Provided records:
-- Opening Marker --

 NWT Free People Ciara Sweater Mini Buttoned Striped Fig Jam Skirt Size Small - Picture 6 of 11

-- Closing Marker --
-- Opening Marker --

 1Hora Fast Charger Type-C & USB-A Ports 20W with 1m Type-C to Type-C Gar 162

-- Closing Marker --
-- Opening Marker --

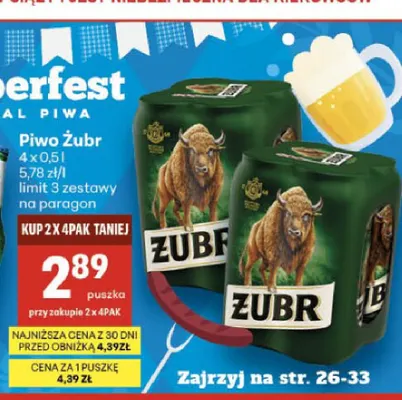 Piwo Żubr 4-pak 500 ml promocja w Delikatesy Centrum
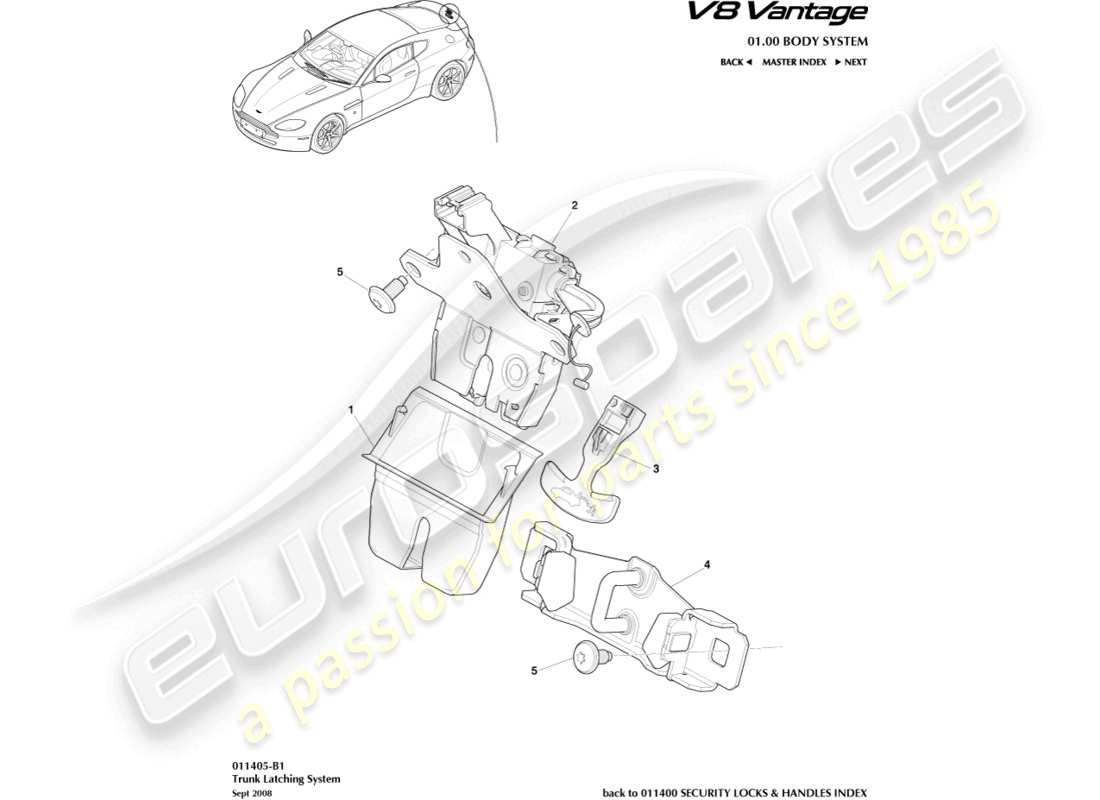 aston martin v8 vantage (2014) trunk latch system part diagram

-- Closing Marker --

Work instruction: Within the material above, find the part that opens with the line containing "Piwo Żubr 4-pak" and closes with the line containing "aston martin v8", and reproduce it exactly without the pictures.

Task result:
 Piwo Żubr 4-pak 500 ml promocja w Delikatesy Centrum
 aston martin v8 vantage (2014) trunk latch system part diagram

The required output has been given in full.